We live in a brave new world. The pandemic, global tragedies, wars, economic shifts, political climate, and natural disasters have completely transformed our world especially the job market. In some cases, companies have found a way to blossom with this change and in a lot of cases companies have become dead weeds on the sidewalk.

I think if I hear one more time from our world leaders, the press or corporate executives that, "We have to think about the optics and the politics of every decision we make" I may just retire now.

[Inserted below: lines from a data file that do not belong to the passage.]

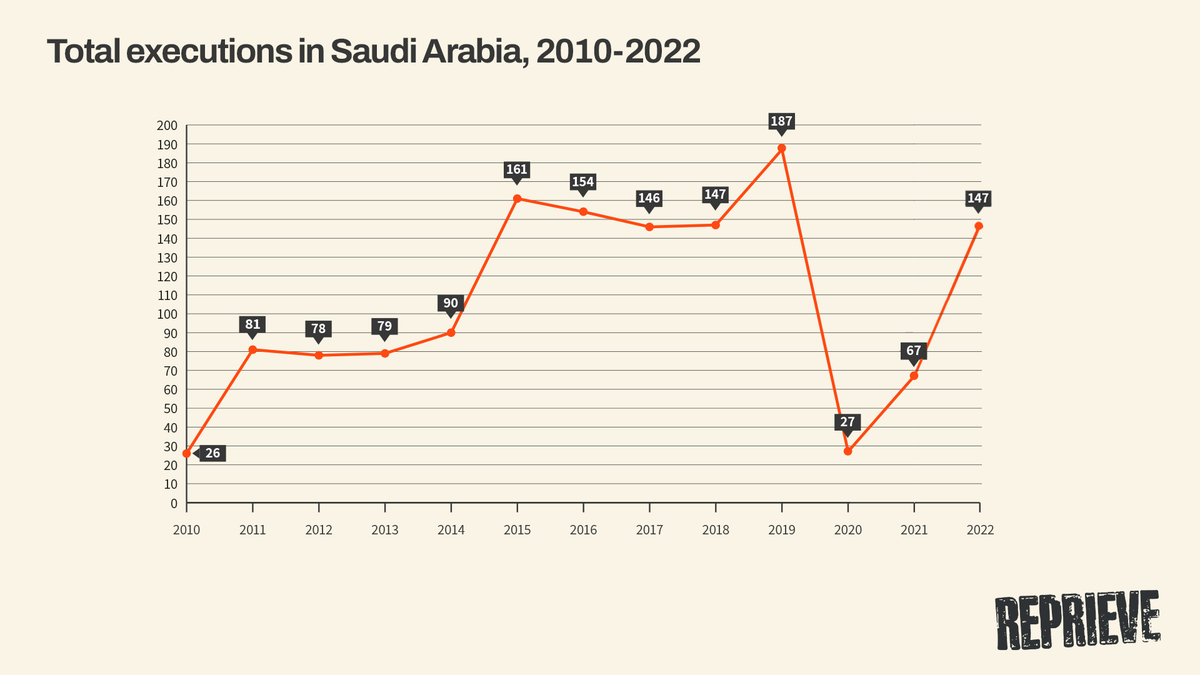 Reprieve tweet media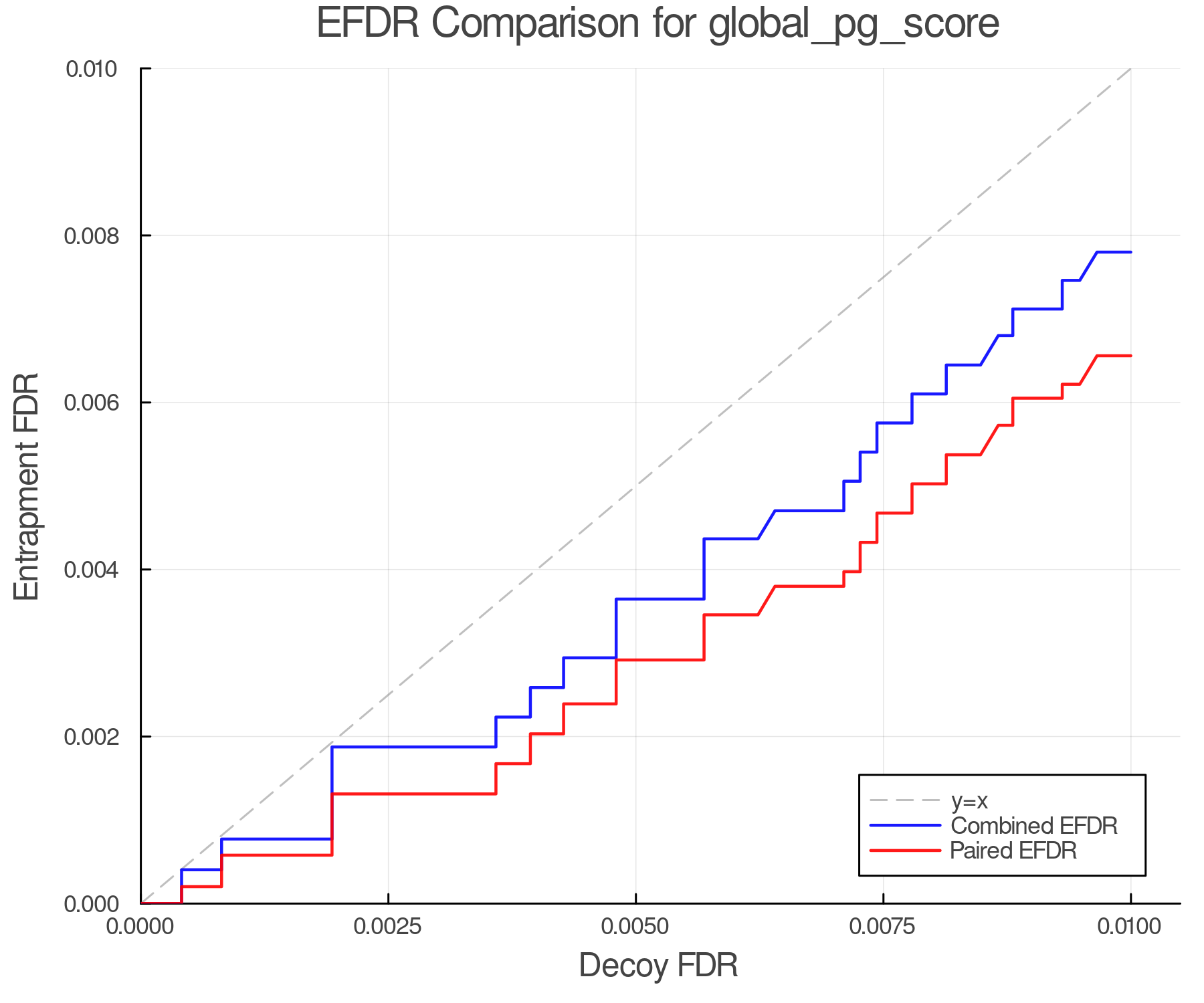 efdr_comparison_global_pg_score.png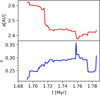 Thumbnail: Fig. 7 Refer to the following caption and surrounding text.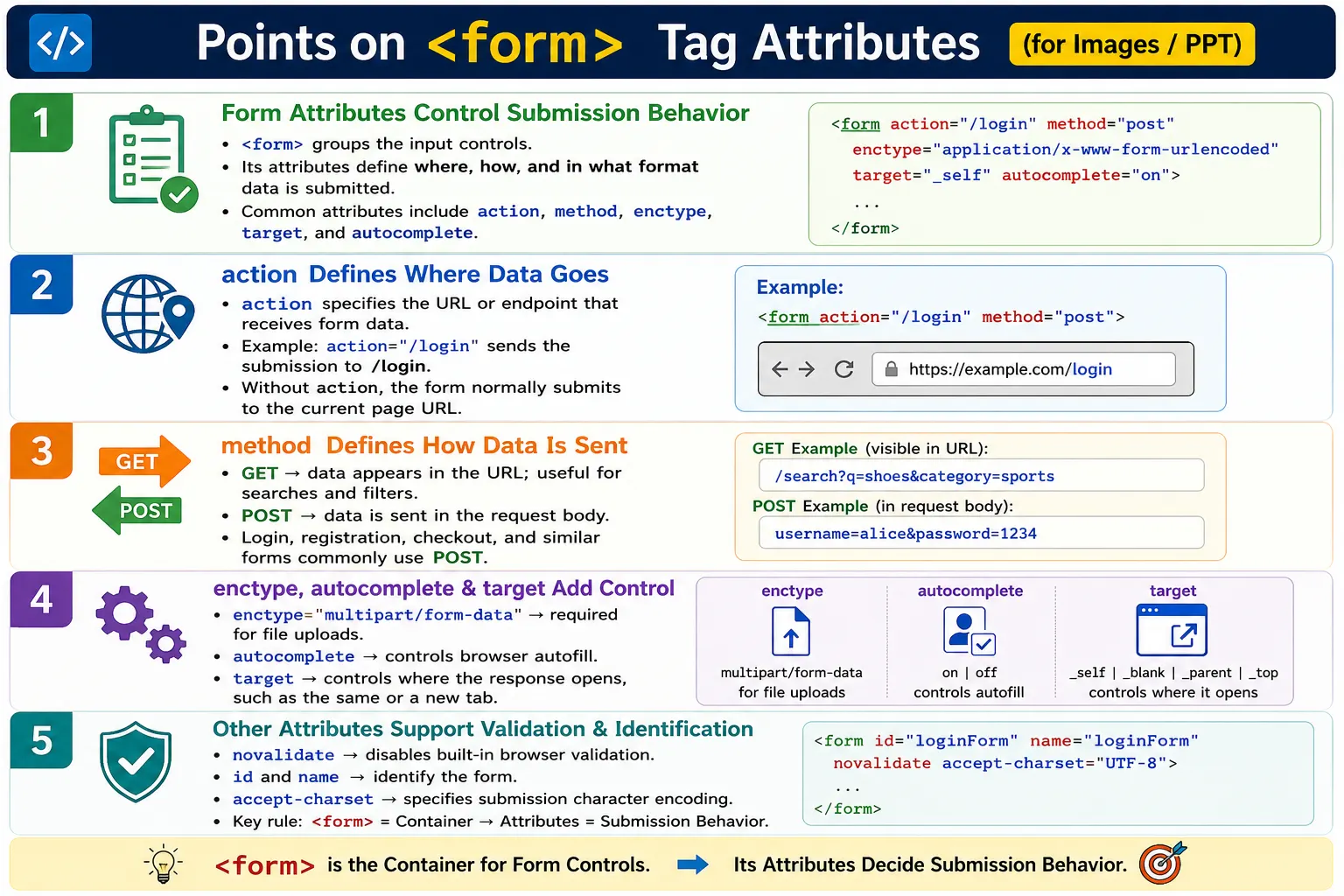 Form Tag Attributes tutorial image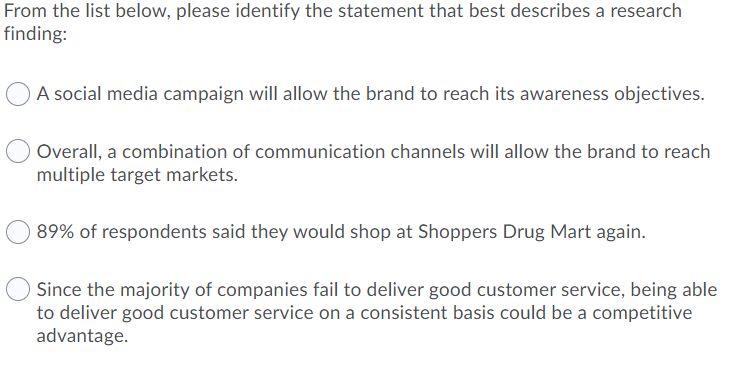 From the list below, please identify the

Steve Jobs once said, "In weak companies politics win. In strong companies best ideas do." This has never been truer for today's environment especially with the divide we are facing in this country. What I have been impressed with are the companies using their power for good, that do the RIGHT thing regardless of politics or optics. Seeing companies stand up against Russia, racism and provide real support for LGTBQ communities, immigration rights and women's health has completely inspired me! These companies remain more focused on what is the right thing to do and what are the optics their employees see when they do the right thing. In return I believe they get loyalty, innovation, growth and a die hard, committed workforce.

As I do with everything in life, I tend over analyze! I decided to shift my thinking. I started to ask myself, "Who are the companies that have found their way through the chaos and ultimately ended up better than before?" How can I adopt this thinking and create positive change for our world? I can either do everything I can to bring that weed back to life, move to the botanical gardens or build my own damn arboretum. At this phase in my life I am choosing the gardens and my hope is that I can be that star flower in the ecosystem.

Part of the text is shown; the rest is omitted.